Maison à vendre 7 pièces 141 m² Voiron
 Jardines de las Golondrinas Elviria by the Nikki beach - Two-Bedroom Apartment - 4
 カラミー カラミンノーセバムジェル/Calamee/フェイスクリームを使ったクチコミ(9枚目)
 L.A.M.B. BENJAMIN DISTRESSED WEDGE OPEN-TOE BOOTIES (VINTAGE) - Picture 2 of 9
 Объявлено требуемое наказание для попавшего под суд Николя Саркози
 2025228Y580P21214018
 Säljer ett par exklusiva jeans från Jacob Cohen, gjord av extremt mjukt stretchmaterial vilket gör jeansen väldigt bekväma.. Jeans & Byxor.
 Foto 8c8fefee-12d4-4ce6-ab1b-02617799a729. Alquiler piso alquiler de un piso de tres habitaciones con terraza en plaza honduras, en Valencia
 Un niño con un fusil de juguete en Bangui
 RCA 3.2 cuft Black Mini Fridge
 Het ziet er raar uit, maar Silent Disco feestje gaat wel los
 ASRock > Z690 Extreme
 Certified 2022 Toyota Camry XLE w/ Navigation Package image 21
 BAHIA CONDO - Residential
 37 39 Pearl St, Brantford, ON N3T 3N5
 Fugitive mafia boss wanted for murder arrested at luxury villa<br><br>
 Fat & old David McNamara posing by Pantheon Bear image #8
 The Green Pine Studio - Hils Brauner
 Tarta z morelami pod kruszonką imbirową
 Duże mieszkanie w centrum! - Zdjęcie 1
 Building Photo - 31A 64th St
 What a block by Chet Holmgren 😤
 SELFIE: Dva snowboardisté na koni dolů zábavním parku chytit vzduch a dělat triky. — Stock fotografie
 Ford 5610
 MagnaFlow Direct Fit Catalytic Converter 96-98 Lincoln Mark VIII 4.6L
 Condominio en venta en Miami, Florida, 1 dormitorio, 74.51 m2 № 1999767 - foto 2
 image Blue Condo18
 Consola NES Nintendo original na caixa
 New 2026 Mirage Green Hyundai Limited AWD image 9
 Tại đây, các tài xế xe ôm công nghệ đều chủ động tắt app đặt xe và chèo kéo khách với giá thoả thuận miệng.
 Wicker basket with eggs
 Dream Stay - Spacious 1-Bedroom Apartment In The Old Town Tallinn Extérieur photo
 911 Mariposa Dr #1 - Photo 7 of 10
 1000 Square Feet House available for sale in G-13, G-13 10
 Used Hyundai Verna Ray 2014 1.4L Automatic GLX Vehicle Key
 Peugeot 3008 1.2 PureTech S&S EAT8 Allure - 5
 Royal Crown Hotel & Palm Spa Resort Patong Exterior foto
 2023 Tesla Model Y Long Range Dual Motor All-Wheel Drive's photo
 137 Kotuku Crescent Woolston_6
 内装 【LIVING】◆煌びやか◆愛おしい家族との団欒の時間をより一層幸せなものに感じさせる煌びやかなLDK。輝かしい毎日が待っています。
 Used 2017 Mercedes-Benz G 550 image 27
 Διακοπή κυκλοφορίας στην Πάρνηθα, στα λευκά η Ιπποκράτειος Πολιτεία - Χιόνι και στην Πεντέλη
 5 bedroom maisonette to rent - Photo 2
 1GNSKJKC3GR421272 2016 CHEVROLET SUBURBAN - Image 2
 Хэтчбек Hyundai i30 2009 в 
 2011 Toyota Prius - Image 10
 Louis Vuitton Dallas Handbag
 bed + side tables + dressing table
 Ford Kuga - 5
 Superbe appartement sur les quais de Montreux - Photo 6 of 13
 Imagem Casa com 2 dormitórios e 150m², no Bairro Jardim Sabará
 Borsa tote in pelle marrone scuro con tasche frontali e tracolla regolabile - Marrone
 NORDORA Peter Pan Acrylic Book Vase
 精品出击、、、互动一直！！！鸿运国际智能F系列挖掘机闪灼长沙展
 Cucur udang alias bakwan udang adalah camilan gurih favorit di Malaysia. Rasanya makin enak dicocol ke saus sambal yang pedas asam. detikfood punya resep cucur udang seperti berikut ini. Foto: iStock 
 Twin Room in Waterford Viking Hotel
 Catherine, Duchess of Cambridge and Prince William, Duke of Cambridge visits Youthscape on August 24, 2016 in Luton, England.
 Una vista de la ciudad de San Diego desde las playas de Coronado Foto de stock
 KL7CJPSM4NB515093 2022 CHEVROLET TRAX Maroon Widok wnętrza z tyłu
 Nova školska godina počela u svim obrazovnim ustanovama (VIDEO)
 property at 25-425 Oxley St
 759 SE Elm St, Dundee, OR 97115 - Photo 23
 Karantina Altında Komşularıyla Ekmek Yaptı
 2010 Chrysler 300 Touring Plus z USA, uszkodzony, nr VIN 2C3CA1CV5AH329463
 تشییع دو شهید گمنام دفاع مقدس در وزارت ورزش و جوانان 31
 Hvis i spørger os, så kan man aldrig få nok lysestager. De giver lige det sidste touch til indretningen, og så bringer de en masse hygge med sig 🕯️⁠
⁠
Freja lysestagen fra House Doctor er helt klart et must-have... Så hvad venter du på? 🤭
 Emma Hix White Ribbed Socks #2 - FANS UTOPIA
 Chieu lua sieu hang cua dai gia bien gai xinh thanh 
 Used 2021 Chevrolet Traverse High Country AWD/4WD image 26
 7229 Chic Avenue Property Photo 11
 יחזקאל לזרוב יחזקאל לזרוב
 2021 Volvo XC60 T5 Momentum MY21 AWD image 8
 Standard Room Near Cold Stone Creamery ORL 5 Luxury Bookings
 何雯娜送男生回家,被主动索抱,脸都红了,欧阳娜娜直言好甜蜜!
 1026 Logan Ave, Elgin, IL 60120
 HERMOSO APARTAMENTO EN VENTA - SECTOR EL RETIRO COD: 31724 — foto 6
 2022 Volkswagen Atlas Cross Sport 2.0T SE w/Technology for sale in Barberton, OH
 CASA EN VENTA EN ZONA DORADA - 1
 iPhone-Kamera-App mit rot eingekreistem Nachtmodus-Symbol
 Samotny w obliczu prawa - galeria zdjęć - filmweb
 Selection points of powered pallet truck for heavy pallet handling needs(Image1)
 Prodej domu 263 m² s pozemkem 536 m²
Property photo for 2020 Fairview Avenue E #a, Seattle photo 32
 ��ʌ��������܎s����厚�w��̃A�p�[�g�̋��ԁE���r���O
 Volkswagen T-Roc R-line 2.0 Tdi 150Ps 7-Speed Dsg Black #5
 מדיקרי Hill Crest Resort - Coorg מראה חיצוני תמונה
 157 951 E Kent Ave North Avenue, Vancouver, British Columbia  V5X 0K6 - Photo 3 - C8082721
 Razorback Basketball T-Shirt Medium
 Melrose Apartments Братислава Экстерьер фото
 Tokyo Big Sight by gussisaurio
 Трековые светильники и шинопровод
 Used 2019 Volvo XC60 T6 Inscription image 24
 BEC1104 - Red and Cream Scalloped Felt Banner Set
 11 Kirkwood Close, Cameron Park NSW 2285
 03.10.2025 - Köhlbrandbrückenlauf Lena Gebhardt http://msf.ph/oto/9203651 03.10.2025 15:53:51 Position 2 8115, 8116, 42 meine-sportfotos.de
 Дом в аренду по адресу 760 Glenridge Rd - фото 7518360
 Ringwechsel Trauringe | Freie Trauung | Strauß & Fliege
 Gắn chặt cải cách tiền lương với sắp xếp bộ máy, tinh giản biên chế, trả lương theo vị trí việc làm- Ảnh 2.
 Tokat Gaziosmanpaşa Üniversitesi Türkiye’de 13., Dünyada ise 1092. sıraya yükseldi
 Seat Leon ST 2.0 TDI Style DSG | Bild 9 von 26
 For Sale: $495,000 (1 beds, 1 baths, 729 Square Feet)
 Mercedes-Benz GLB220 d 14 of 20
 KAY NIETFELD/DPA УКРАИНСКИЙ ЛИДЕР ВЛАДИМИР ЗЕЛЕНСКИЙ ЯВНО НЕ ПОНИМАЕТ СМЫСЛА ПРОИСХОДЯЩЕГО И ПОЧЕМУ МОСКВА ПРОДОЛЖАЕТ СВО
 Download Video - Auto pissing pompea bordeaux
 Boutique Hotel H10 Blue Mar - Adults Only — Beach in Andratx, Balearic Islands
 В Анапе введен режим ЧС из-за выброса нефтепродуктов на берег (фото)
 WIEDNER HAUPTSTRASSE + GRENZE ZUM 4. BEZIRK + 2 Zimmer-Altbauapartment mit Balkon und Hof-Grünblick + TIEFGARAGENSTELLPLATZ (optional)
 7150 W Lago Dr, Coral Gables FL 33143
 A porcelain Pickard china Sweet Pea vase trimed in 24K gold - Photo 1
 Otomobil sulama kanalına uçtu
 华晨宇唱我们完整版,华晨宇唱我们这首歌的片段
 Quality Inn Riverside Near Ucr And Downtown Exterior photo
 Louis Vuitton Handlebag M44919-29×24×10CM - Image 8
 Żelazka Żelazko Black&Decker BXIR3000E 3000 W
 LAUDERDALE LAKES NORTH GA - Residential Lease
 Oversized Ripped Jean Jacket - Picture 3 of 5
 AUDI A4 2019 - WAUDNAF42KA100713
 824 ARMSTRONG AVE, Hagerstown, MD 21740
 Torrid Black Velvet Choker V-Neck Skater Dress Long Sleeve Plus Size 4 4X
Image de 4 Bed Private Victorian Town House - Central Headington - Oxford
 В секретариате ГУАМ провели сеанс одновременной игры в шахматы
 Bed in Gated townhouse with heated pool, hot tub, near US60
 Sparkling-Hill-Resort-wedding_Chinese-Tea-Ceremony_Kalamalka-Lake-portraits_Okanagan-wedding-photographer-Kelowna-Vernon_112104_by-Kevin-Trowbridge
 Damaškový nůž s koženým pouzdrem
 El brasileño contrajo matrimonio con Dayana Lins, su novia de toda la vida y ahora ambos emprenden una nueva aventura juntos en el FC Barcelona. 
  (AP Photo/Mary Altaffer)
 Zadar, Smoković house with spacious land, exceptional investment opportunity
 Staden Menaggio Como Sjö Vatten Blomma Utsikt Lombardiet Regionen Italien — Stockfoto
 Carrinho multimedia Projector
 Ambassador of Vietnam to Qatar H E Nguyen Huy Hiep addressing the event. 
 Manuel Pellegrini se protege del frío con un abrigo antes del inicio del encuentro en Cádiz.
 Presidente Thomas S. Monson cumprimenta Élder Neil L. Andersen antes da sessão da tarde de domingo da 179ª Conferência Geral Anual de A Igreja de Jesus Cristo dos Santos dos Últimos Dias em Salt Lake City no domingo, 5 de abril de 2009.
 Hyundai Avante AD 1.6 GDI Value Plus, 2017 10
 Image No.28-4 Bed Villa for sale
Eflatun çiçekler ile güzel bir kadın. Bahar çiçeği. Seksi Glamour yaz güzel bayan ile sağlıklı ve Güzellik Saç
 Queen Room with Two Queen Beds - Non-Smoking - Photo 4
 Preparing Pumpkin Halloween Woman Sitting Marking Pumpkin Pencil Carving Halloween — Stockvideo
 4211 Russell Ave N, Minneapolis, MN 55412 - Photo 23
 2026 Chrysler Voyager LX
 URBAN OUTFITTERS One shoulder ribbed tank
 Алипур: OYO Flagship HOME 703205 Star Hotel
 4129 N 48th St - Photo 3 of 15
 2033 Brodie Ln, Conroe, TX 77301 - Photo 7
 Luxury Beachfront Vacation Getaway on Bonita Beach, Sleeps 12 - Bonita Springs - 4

————————

**REQUIRED WORK**
All lines in the listing above from the line containing "11 Kirkwood Close, Cameron Park NSW 2285" to the line containing "Gắn chặt cải", inclusive, should be retyped exactly; no other lines should appear.

**RESPONSE TO THE TASK**
 11 Kirkwood Close, Cameron Park NSW 2285
 03.10.2025 - Köhlbrandbrückenlauf Lena Gebhardt http://msf.ph/oto/9203651 03.10.2025 15:53:51 Position 2 8115, 8116, 42 meine-sportfotos.de
 Дом в аренду по адресу 760 Glenridge Rd - фото 7518360
 Ringwechsel Trauringe | Freie Trauung | Strauß & Fliege
 Gắn chặt cải cách tiền lương với sắp xếp bộ máy, tinh giản biên chế, trả lương theo vị trí việc làm- Ảnh 2.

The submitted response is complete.